#### Information shown
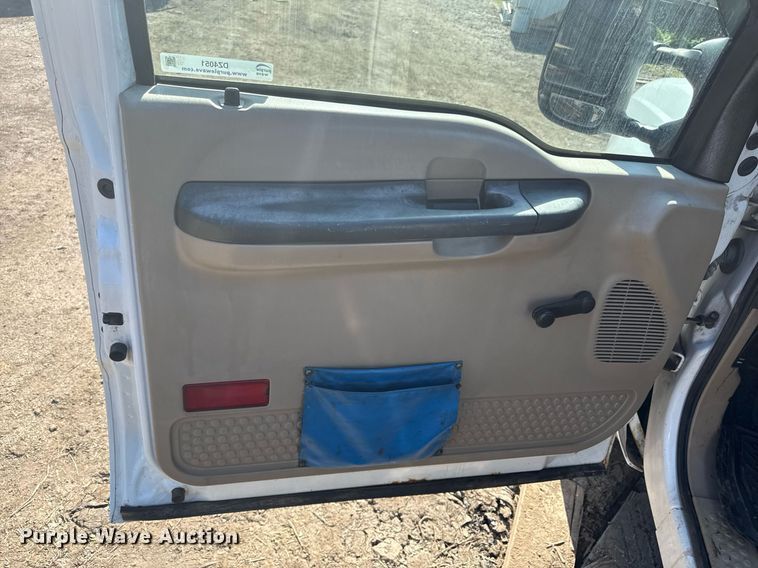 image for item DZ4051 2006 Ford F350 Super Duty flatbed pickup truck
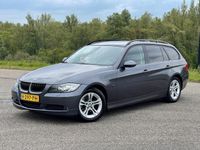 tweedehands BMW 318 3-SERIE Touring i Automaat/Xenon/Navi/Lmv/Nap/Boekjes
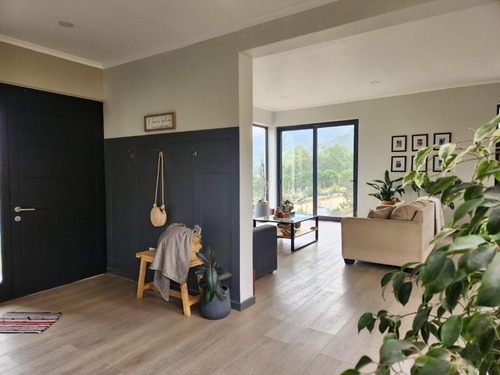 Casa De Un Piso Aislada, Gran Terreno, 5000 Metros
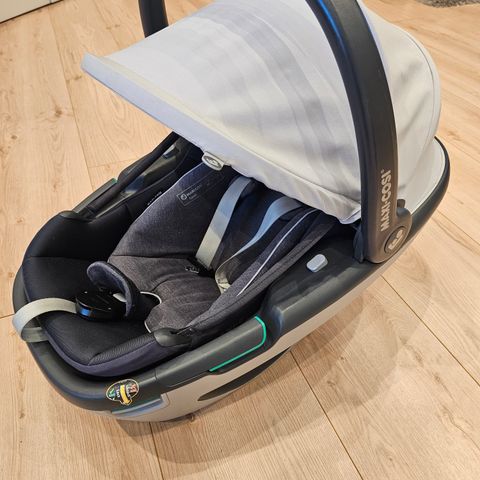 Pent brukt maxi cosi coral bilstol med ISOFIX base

---

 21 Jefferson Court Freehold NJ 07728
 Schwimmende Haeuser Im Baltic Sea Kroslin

#### Required work
In the listing above, find the line containing "21 Jefferson Court Freehold NJ 07728" and the line containing "Schwimmende Haeuser Im Baltic Sea Kroslin", then repeat those two lines and everything between them exactly.

#### Your solution
 21 Jefferson Court Freehold NJ 07728
 Schwimmende Haeuser Im Baltic Sea Kroslin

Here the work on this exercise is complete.